With no more Cold War to blame, Demme and his screenwriters have deftly updated the story, placing it not in the present, but the near future. In 2008, Gulf War veteran Bennett Marco (Denzel Washington) is a pill-popping mess, suffering from recurrent nightmares about a former army friend, Raymond Shaw (Liev Schreiber), who is now a congressman for an unnamed party, a rising political figure with hawkish views. The radio and television informs us of a series of U.S. interventions in countries from Indonesia to Guinea, pre-emptive strikes against governments that threaten American supremacy.

Shaw's senator mother, Eleanor (Meryl Streep) has manipulated her party into pushing him for vice-presidential candidate, at the expense of his more experienced and statesman-like rival Tom Jordan (Jon Voight). Shaw came out of the Gulf as a war hero, apparently responsible for saving the lives of Marco and his entire company in a night ambush in Kuwait, and he promises a get-tough policy in world affairs.

Now Marco travels about giving motivational speeches to young recruits about Sergeant Shaw's achievements, but at night, he's haunted by dreams of torture and brainwashing. When he encounters an emotionally disturbed soldier from his platoon, Al Melvin (Jeffrey Wright), who has similar dreams, he begins to wonder what actually happened and begins trying to contact Shaw.

Since the Chinese were the brainwashers in the original film, how do we justify the title? The answer is to create a company, Manchurian Global (read Halliburton), which sells military supplies to the government at inflated prices and is looking to create the first privately owned and operated vice-president. Instead of the Alice in Wonderland world of the original film's dreams (where the soldiers found themselves amidst society ladies at a garden tea and Red Army agents), we have sliding walls and doctors injecting microchips in brains.

Demme, working in territory similar to his most successful psychological thriller, Silence of the Lambs, uses visual effects well but sparingly. Marco's delusions seem real, and occasionally, what we think are delusions -- an implant in his back -- turn out to be real.

As in the original, the story's strength depends on the originality of the characters, almost none of whom is exactly what they seem to be. Washington, in the central role originated by Frank Sinatra, walks an ambiguous line between a man who may be either delusional or the victim of an improbably vast conspiracy. Kimberly Elise, as the mysterious young woman who picks him up on a train, has a small but memorable role.

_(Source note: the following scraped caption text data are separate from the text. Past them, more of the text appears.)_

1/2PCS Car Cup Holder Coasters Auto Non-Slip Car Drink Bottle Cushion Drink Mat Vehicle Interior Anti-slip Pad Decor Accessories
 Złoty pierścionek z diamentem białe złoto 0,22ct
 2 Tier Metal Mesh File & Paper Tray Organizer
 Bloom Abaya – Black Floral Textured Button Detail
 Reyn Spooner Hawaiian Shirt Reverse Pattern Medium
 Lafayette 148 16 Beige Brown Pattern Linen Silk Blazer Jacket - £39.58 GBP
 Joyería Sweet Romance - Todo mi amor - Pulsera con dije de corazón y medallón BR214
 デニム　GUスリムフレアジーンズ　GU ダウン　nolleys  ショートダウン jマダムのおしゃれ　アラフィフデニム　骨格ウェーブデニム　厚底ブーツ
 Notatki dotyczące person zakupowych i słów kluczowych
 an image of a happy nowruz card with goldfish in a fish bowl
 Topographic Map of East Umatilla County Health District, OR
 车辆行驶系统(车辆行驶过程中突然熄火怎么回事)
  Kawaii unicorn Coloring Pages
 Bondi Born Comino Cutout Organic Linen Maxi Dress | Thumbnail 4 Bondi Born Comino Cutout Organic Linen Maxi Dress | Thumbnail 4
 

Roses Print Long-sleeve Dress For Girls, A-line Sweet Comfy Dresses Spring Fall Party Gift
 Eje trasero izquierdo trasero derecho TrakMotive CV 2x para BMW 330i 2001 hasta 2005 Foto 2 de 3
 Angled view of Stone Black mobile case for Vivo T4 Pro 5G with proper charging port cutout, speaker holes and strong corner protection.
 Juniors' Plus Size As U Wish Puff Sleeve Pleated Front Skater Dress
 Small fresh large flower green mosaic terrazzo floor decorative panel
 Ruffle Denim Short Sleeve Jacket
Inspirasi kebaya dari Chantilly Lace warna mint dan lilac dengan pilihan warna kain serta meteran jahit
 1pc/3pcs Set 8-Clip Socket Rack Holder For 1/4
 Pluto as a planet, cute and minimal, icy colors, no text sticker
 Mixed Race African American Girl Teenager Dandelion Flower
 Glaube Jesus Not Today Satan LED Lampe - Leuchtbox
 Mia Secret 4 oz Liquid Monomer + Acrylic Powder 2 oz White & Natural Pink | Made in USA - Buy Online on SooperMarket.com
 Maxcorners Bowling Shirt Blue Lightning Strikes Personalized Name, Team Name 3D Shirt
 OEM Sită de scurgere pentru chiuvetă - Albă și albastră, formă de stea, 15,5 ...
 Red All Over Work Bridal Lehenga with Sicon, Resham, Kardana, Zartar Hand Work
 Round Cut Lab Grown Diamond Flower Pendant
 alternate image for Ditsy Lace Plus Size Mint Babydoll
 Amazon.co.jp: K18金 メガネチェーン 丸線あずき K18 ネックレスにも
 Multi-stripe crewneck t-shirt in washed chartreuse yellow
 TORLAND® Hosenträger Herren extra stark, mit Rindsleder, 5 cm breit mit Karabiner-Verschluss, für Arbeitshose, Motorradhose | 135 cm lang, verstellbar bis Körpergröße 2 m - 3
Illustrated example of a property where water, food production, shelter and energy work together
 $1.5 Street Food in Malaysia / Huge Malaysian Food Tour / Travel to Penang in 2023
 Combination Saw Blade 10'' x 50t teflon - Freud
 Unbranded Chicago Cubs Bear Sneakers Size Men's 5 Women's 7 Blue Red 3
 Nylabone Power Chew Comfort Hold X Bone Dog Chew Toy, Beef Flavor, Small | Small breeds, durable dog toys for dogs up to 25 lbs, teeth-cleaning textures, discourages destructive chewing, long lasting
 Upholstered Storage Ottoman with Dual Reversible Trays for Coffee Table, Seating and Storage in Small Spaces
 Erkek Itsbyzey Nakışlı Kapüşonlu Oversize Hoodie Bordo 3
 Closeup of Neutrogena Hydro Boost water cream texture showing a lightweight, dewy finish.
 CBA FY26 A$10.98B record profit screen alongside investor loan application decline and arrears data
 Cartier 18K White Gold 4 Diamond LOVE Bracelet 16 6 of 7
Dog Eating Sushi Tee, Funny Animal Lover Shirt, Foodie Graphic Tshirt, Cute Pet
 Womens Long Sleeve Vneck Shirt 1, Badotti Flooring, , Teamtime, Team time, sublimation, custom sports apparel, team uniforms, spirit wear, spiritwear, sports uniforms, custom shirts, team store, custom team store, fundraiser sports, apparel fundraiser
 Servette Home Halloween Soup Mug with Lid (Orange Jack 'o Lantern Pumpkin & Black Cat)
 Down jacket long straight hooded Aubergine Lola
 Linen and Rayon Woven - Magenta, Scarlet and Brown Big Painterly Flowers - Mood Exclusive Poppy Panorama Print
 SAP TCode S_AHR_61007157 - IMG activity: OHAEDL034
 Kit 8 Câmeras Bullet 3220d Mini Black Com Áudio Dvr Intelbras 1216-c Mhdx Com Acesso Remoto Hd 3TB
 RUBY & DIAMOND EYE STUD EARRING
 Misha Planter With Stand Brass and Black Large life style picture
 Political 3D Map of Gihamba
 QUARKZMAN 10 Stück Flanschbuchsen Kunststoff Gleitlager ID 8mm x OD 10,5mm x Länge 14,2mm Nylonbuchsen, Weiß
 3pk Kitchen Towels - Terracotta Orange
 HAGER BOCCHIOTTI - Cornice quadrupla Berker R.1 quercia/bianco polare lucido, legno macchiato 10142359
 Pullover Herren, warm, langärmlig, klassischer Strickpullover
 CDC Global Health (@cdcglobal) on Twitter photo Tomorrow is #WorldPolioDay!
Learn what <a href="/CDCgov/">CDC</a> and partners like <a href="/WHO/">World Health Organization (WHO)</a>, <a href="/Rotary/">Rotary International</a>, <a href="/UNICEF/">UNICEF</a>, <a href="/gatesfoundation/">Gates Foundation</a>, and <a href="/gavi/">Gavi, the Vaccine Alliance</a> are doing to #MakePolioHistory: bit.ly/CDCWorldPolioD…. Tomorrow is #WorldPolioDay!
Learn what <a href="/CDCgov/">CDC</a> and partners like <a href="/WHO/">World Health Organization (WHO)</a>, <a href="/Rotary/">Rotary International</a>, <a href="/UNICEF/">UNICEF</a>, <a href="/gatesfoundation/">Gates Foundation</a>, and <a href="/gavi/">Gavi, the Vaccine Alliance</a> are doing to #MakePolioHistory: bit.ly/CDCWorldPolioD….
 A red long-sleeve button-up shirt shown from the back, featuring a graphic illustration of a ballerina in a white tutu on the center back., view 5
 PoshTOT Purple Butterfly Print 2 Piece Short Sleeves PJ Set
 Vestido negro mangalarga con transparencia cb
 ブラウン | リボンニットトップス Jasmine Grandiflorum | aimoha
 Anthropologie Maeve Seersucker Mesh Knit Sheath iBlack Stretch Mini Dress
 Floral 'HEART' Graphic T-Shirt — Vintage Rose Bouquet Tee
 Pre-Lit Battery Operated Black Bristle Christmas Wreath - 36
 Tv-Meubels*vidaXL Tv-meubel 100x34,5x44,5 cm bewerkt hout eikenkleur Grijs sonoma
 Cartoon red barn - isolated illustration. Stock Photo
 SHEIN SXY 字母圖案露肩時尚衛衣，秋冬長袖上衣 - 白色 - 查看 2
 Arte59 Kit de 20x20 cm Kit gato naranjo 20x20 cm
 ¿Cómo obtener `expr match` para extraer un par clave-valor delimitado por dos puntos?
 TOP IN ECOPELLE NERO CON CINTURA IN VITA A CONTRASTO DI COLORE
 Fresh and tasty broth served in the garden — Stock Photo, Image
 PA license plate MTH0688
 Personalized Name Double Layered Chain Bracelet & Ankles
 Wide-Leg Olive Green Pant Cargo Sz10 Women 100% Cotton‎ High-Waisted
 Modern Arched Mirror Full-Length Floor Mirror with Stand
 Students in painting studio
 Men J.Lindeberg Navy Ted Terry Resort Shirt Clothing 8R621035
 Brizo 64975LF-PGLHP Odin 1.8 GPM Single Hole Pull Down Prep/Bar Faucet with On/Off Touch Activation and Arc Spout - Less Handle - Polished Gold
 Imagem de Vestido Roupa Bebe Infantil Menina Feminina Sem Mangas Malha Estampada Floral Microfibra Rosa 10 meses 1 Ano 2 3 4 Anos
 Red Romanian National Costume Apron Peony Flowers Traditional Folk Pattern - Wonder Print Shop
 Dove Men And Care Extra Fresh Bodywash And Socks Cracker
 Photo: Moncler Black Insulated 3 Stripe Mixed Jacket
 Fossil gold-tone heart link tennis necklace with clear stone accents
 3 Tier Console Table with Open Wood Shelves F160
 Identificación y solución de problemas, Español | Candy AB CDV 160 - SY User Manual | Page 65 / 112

Schreiber, in the role originated by Laurence Harvey, is the robotic candidate who hides his torment under an exterior of brusque pleasantries, somehow suggesting both George W. Bush stiffness and the wounded emotional paralysis of a child-abuse victim. For good measure, the great German actor Bruno Ganz pops up as one of those helpful scientists who explain things to the hero in thrillers.

Truly, though, the performance that dominates the movie belongs to Streep, who reprises the role indelibly played by Angela Lansbury in the original. Streep takes fewer film roles these days, and each time she does reminds us that her talent is often too big for the movies that are currently being made.

Streep's performance as a patriotic monster is over the top, but entertainingly so. Her villainous excesses are one signal that the movie is not to be taken entirely seriously.

Part patrician WASP, part Lady Macbeth and revealing more than a little of Hilary Clinton steel, Streep crackles with neurotic energy and barely checked sexuality, sublimated into an addiction to power and an unhealthy devotion to her son. In the end, you don't know whether to hiss the character or cheer the performance, though it doesn't much matter. Corporate balance sheets and computer chips are hard to hate, but in the mental muddle of the movie's political intrigue, she gives us the satisfaction of a complex enemy.